### [Information shown]
———

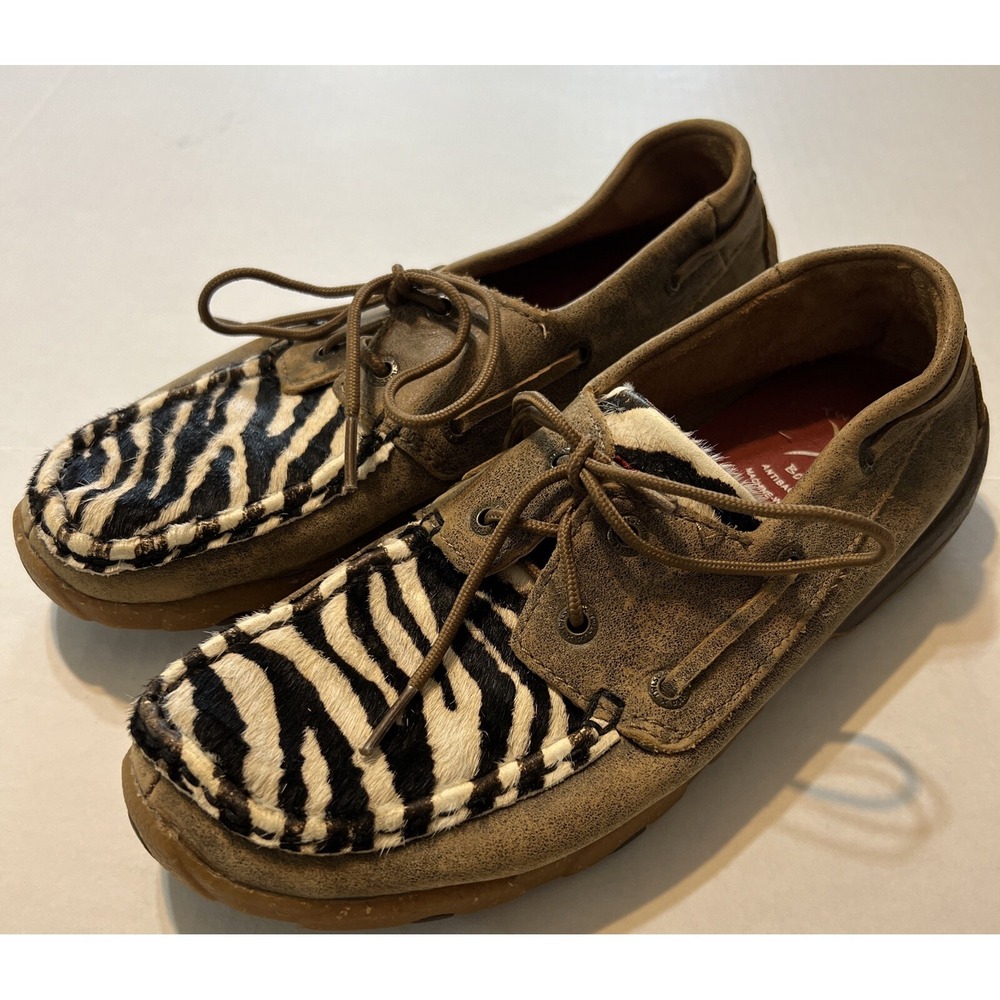 Twisted X Zebra‎ Hair On Hide Boat Shoes Moc Toe Women's 7.5 - WDM0142
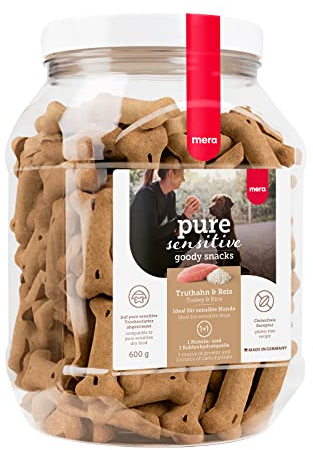 MERA pure sensitive Goody Snack, gesunde Leckerlis für sensible Hunde, Hundeleckerli aus Truthahn und Reis, Hundesnack glutenfrei zum Training (600 g)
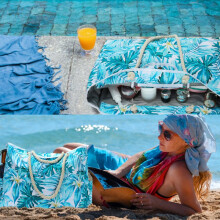 Beach Bag Large beach bag with zipper, waterproof & sandproof (women's shoulder bag / tote bag / shopper, fitness & travel bag for beach, po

———

### [What needs to be done]
Return the data word for word without its pictures.

### [Answer section]
 Twisted X Zebra‎ Hair On Hide Boat Shoes Moc Toe Women's 7.5 - WDM0142
 MERA pure sensitive Goody Snack, gesunde Leckerlis für sensible Hunde, Hundeleckerli aus Truthahn und Reis, Hundesnack glutenfrei zum Training (600 g)
 Beach Bag Large beach bag with zipper, waterproof & sandproof (women's shoulder bag / tote bag / shopper, fitness & travel bag for beach, po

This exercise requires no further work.